_PROBLEM TO SOLVE_:
For each line of the material below, give that line again word for word.

----- LISTED RECORDS

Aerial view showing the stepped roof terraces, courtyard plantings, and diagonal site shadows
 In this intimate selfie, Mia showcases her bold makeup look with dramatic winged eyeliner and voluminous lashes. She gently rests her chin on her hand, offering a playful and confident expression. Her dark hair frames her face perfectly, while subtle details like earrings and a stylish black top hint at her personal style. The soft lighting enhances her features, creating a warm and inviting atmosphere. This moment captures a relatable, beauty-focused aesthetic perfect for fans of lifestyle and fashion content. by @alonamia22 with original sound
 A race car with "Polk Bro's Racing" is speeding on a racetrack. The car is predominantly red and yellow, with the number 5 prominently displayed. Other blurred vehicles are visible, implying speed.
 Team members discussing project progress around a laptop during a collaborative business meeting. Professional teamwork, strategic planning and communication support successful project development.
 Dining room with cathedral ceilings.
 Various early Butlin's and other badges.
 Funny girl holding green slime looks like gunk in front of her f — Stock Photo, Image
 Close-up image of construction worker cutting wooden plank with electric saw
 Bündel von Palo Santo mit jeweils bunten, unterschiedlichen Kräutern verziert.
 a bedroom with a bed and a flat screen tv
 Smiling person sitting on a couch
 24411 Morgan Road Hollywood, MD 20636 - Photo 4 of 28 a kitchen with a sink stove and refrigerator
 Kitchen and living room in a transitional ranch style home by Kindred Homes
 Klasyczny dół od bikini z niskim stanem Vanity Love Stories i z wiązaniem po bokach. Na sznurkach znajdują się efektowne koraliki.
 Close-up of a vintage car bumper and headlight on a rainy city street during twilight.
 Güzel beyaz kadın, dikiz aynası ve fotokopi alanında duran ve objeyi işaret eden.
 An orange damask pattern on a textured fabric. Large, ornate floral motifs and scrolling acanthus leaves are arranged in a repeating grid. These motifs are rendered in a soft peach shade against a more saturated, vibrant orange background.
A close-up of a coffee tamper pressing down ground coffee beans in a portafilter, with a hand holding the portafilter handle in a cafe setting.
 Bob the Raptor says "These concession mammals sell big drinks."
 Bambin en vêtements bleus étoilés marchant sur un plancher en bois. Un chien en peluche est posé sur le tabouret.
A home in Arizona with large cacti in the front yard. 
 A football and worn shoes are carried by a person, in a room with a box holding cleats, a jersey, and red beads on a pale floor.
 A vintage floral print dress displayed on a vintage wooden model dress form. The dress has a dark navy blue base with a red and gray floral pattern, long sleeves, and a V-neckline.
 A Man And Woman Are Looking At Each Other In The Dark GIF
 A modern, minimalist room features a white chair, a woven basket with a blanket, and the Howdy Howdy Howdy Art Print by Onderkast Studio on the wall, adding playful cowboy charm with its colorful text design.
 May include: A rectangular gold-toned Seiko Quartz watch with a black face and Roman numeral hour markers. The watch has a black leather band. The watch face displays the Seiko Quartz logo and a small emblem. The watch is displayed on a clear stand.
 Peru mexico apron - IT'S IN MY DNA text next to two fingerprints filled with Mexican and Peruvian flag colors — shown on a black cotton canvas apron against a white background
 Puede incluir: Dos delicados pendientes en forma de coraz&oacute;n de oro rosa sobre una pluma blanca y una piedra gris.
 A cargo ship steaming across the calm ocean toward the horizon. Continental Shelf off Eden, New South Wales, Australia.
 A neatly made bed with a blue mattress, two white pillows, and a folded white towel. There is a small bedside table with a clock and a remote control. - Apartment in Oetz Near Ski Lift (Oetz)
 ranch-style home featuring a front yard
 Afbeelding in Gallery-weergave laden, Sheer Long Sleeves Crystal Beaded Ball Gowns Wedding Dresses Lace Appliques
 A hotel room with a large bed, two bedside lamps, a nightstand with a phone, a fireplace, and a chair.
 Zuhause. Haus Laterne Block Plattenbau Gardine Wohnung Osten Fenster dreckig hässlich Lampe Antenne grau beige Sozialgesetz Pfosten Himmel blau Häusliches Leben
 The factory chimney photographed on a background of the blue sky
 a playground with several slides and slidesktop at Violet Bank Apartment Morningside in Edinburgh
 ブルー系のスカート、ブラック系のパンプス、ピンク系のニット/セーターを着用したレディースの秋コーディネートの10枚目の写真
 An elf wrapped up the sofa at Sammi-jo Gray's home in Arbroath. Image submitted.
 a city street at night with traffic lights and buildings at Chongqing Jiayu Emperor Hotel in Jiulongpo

----------

_SOLUTION FOR THIS EXERCISE_:
Aerial view showing the stepped roof terraces, courtyard plantings, and diagonal site shadows
 In this intimate selfie, Mia showcases her bold makeup look with dramatic winged eyeliner and voluminous lashes. She gently rests her chin on her hand, offering a playful and confident expression. Her dark hair frames her face perfectly, while subtle details like earrings and a stylish black top hint at her personal style. The soft lighting enhances her features, creating a warm and inviting atmosphere. This moment captures a relatable, beauty-focused aesthetic perfect for fans of lifestyle and fashion content. by @alonamia22 with original sound
 A race car with "Polk Bro's Racing" is speeding on a racetrack. The car is predominantly red and yellow, with the number 5 prominently displayed. Other blurred vehicles are visible, implying speed.
 Team members discussing project progress around a laptop during a collaborative business meeting. Professional teamwork, strategic planning and communication support successful project development.
 Dining room with cathedral ceilings.
 Various early Butlin's and other badges.
 Funny girl holding green slime looks like gunk in front of her f — Stock Photo, Image
 Close-up image of construction worker cutting wooden plank with electric saw
 Bündel von Palo Santo mit jeweils bunten, unterschiedlichen Kräutern verziert.
 a bedroom with a bed and a flat screen tv
 Smiling person sitting on a couch
 24411 Morgan Road Hollywood, MD 20636 - Photo 4 of 28 a kitchen with a sink stove and refrigerator
 Kitchen and living room in a transitional ranch style home by Kindred Homes
 Klasyczny dół od bikini z niskim stanem Vanity Love Stories i z wiązaniem po bokach. Na sznurkach znajdują się efektowne koraliki.
 Close-up of a vintage car bumper and headlight on a rainy city street during twilight.
 Güzel beyaz kadın, dikiz aynası ve fotokopi alanında duran ve objeyi işaret eden.
 An orange damask pattern on a textured fabric. Large, ornate floral motifs and scrolling acanthus leaves are arranged in a repeating grid. These motifs are rendered in a soft peach shade against a more saturated, vibrant orange background.
A close-up of a coffee tamper pressing down ground coffee beans in a portafilter, with a hand holding the portafilter handle in a cafe setting.
 Bob the Raptor says "These concession mammals sell big drinks."
 Bambin en vêtements bleus étoilés marchant sur un plancher en bois. Un chien en peluche est posé sur le tabouret.
A home in Arizona with large cacti in the front yard. 
 A football and worn shoes are carried by a person, in a room with a box holding cleats, a jersey, and red beads on a pale floor.
 A vintage floral print dress displayed on a vintage wooden model dress form. The dress has a dark navy blue base with a red and gray floral pattern, long sleeves, and a V-neckline.
 A Man And Woman Are Looking At Each Other In The Dark GIF
 A modern, minimalist room features a white chair, a woven basket with a blanket, and the Howdy Howdy Howdy Art Print by Onderkast Studio on the wall, adding playful cowboy charm with its colorful text design.
 May include: A rectangular gold-toned Seiko Quartz watch with a black face and Roman numeral hour markers. The watch has a black leather band. The watch face displays the Seiko Quartz logo and a small emblem. The watch is displayed on a clear stand.
 Peru mexico apron - IT'S IN MY DNA text next to two fingerprints filled with Mexican and Peruvian flag colors — shown on a black cotton canvas apron against a white background
 Puede incluir: Dos delicados pendientes en forma de coraz&oacute;n de oro rosa sobre una pluma blanca y una piedra gris.
 A cargo ship steaming across the calm ocean toward the horizon. Continental Shelf off Eden, New South Wales, Australia.
 A neatly made bed with a blue mattress, two white pillows, and a folded white towel. There is a small bedside table with a clock and a remote control. - Apartment in Oetz Near Ski Lift (Oetz)
 ranch-style home featuring a front yard
 Afbeelding in Gallery-weergave laden, Sheer Long Sleeves Crystal Beaded Ball Gowns Wedding Dresses Lace Appliques
 A hotel room with a large bed, two bedside lamps, a nightstand with a phone, a fireplace, and a chair.
 Zuhause. Haus Laterne Block Plattenbau Gardine Wohnung Osten Fenster dreckig hässlich Lampe Antenne grau beige Sozialgesetz Pfosten Himmel blau Häusliches Leben
 The factory chimney photographed on a background of the blue sky
 a playground with several slides and slidesktop at Violet Bank Apartment Morningside in Edinburgh
 ブルー系のスカート、ブラック系のパンプス、ピンク系のニット/セーターを着用したレディースの秋コーディネートの10枚目の写真
 An elf wrapped up the sofa at Sammi-jo Gray's home in Arbroath. Image submitted.
 a city street at night with traffic lights and buildings at Chongqing Jiayu Emperor Hotel in Jiulongpo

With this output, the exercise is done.